Outside his office, the world was shifting. Flipkart had just launched, Facebook was scaling rapidly, and the iPhone was changing how people interacted with the Internet. Dua began to feel he was on the wrong side of history. The future was digital, and he wanted in. What he didn’t yet know was that he wasn’t done with insurance. He would return to it, not as an employee or intermediary, but as the founder of Acko, India’s first digital-native insurance company.
There was no founding ambition driving him. “I had no intention of becoming a founder,” he recalls. Born in Delhi and raised in Mumbai, Dua followed a familiar middle-class path. After a B Com from RA Podar College in 2001, he began preparing for the CA exams alongside college. Midway, he dropped out. It felt too long and too rigid. Almost on impulse, he took the MBA entrance exams and landed at MICA, specialising in marketing.
His early career was split between insurance and mutual funds. After Franklin Templeton, he took a break to think through his next move. During this period, conversations with a friend, and later with a developer from IIT Bombay, led him to a practical problem: insurance companies were struggling with outdated systems, manual processes and poor data infrastructure.
They began experimenting with solutions, which soon became Glitterbug Technologies, a back-end software company for insurers.
By 2010, insurers like ICICI Prudential were signing on. The company was profitable and had found a niche white space in insurance software. But when Dua tried to raise capital to move from services to products, the response was lukewarm. Even in the best-case scenario, the business would cap out at Rs 200–300 crore in revenue.

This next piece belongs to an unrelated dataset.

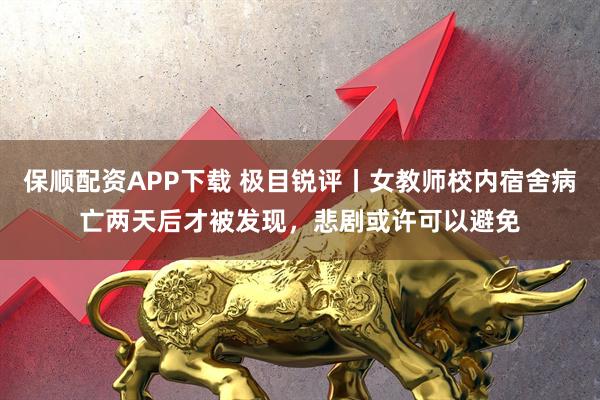 保顺配资APP下载 极目锐评丨女教师校内宿舍病亡两天后才被发现，悲剧或许可以避免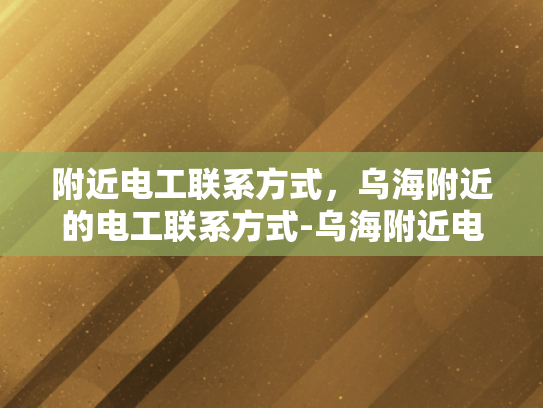 附近电工联系方式，乌海附近的电工联系方式-乌海附近电工联系方式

That realisation forced another rethink. While exploring ideas that could scale, Dua observed that marketplaces like Policybazaar were popular, but customers still couldn’t actually buy insurance online. Insurers’ core systems weren’t integrated with marketplaces, and online payment infrastructure wasn’t trusted for large transactions. Drawing on his experience building integration layers, Dua decided to create a marketplace where customers could complete the transaction online.
In early 2014, he acquired a broking licence and launched Coverfox, integrating with four to five insurers he already knew well. Accel and Elevation Capital backed the idea early. The growth was quick. Within two and a half years, Coverfox crossed Rs 150 crore in revenue.
Still, something felt off. Years inside insurance had given him a few hard insights. Insurance doesn’t behave like e-commerce. Marketplaces thrive on abundance — millions of products and sellers. Insurance had barely 20–25 companies, of which customers trusted maybe 10.
Then there was frequency. Car insurance is bought annually, health insurance every few years, and life insurance perhaps once in a lifetime. That made habit-building and loyalty extremely hard. Most critically, the customer experience wasn’t in the marketplace’s control. Claims were handled by insurers.
Solving the Plumbing Problems
All signs pointed to one conclusion: customers didn’t want choice, they wanted trust. In 2016, Dua made a pitch that startled his investors. “We should become an insurance company ourselves.”
The idea made sense, but execution seemed implausible. A licence required `500 crore in capital, and regulators were cautious about startups managing public risk. What happens, they asked, if a black swan event triggers a surge in claims?
Dua persisted, engaging repeatedly with the Irdai. He argued that innovation had transformed payments and lending, while insurance remained stagnant.
After months of discussions and support from industry veterans, the regulator allowed Acko to apply. The licence came through in late 2017. In 2018, Acko sold its first policy.
Becoming the insurer changed everything. By selling directly, Acko eliminated agent commissions. Renewals came directly, retention improved, and pricing became more competitive.
Car insurance became the entry point. It was mandatory, easy to understand, and low-risk for first-time users. Today, Acko is among the top auto insurers in cities like Bengaluru and Hyderabad. Unlike traditional insurers, where agents often own the customer relationship, Acko controls both pricing and data.
Scaling the Digital Frontier
With over 100 million policies sold, more than 10 million app users, and profitability within reach, Dua is now building the next phase. Acko has secured a life insurance licence and is scaling health insurance rapidly. In FY25, revenue rose to Rs 2,837 crore from Rs 2,106 crore the previous year, while net losses narrowed by 37% to Rs 424 crore.
Looking back, Dua sees a single thread running through what appears to be multiple ventures. “I kept at it and never bothered to figure out any other sector,” he says.